En trois ans, Rémy Challe est parvenu à structurer une communauté qui comprend 7.500 contacts, "la moitié environ d'alumni", des étudiants et des pros. "Aujourd'hui, ces trois communautés réagissent très bien et surtout interagissent ! Quand un post fait en moyenne 10 'J'aime' sur LinkedIn, j'arrive à atteindre régulièrement plusieurs centaines de 'J'aime'", se félicite le directeur.

En témoignent les 95.737 vues, 50 commentaires et quelque 1.774 "J'aime" du lapin de Pâques, les 34.384 vues et 389 "J'aime" du selfie pris avec la Junior Entreprise de l'Inseec Bordeaux. "Le record, c'est 150.000 consultations avec la photo d'un des murs de l'école décoré par un artiste à l'effigie des grandes figures du 20e siècle", précise-t-il.

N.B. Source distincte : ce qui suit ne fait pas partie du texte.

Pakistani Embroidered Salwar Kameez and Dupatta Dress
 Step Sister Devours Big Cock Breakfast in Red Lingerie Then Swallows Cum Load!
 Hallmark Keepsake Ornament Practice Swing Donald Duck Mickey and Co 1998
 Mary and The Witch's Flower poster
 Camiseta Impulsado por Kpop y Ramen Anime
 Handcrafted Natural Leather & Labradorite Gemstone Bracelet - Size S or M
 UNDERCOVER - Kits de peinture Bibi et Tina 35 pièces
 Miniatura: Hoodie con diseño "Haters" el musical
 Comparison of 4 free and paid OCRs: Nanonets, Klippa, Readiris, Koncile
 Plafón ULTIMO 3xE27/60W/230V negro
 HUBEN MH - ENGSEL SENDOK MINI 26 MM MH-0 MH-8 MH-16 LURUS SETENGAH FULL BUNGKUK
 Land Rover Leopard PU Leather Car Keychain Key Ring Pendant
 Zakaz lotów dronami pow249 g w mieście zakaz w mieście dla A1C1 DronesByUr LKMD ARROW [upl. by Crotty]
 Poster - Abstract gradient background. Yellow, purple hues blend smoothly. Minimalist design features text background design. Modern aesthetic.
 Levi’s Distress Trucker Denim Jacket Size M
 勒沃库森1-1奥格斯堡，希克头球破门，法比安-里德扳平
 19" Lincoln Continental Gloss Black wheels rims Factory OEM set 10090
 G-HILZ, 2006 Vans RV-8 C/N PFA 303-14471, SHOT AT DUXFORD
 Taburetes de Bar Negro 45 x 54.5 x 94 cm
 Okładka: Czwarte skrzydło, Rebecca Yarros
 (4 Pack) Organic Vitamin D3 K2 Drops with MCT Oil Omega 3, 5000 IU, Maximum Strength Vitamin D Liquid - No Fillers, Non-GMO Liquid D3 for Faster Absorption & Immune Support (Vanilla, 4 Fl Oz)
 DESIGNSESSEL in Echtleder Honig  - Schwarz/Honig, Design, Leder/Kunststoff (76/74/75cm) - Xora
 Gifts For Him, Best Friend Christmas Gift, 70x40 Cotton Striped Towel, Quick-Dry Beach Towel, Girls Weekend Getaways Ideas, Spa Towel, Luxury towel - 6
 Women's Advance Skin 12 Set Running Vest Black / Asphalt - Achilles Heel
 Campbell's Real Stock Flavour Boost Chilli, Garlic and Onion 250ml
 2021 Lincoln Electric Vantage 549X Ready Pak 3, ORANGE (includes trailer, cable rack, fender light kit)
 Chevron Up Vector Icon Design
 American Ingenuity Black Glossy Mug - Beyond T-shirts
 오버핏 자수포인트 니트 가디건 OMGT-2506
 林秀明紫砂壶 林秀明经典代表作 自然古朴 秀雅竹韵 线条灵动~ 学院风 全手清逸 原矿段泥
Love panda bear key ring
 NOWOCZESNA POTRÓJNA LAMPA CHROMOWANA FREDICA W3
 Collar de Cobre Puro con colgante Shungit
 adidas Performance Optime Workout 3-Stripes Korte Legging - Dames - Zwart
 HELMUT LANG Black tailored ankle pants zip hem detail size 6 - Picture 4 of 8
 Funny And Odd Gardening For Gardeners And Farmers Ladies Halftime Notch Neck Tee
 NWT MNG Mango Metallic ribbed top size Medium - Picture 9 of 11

Ces posts, rédigés en quelques minutes "rapportent plus que du sponsoring sur Facebook", assure-t-il. Les retombées, qu’il s’agisse de stages, d’alternance, de relations entreprises sont importantes. Son message sur le nouveau PDG de Toyota lui a déjà valu un déjeuner, et sans doute bientôt des projets en commun, ajoute le directeur.

Quant aux étudiants de la Junior Entreprise de l’Inseec Bordeaux, ils se sont vu proposer des stages après la publication de leur photo.

Snapchat, le réseau préféré des étudiants

Depuis un an, Rémy Challe a adopté Snapchat, le chouchou des étudiants : "Lors des derniers oraux, tous les candidats y étaient, c'est super ! Le format offre une vraie liberté et permet des choses qu’on ne ferait pas sur Linkedin !", commente-t-il.

Bombardé de flocons de neige à son bureau, en train de jongler avec des bouteilles d’eau en salle de réunion ou de croiser un lapin rose dans les couloirs  : l'air de rien, une fois par semaine, le quadra au costume cintré se met en scène discrètement à l'école dans des vidéos foldingues.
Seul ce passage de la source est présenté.